_RECORDS TO PROCESS_
━━━━━━
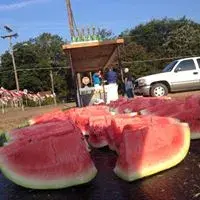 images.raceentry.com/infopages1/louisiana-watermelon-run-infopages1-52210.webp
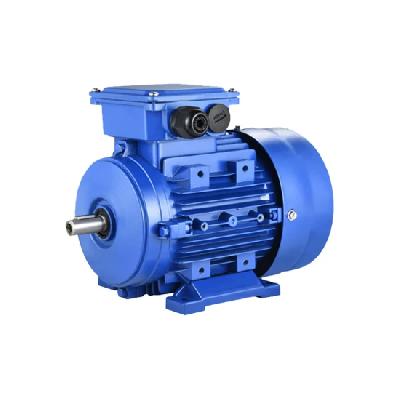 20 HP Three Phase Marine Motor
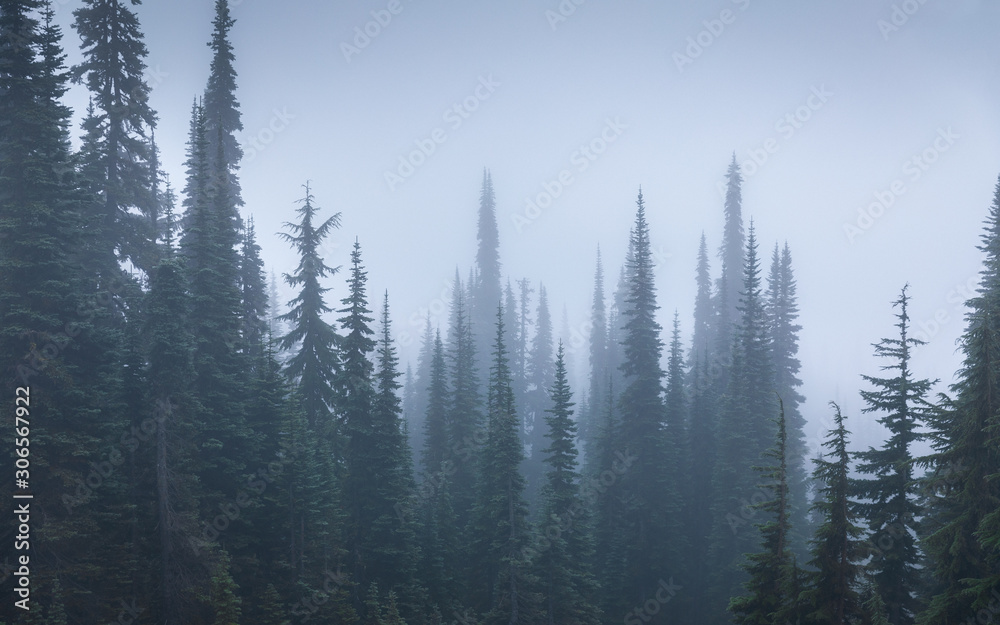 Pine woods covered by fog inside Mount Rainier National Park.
━━━━━━
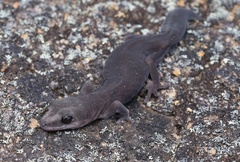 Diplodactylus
━━━━━━
_WHAT NEEDS TO BE DONE_
Only the lines between the one with "20 HP Three Phase Marine Motor" and the one with "Pine woods covered", those two included, get copied from the material above. Keep it exact and free of pictures.

_RESPONSE TO THE TASK_
 20 HP Three Phase Marine Motor
 Pine woods covered by fog inside Mount Rainier National Park.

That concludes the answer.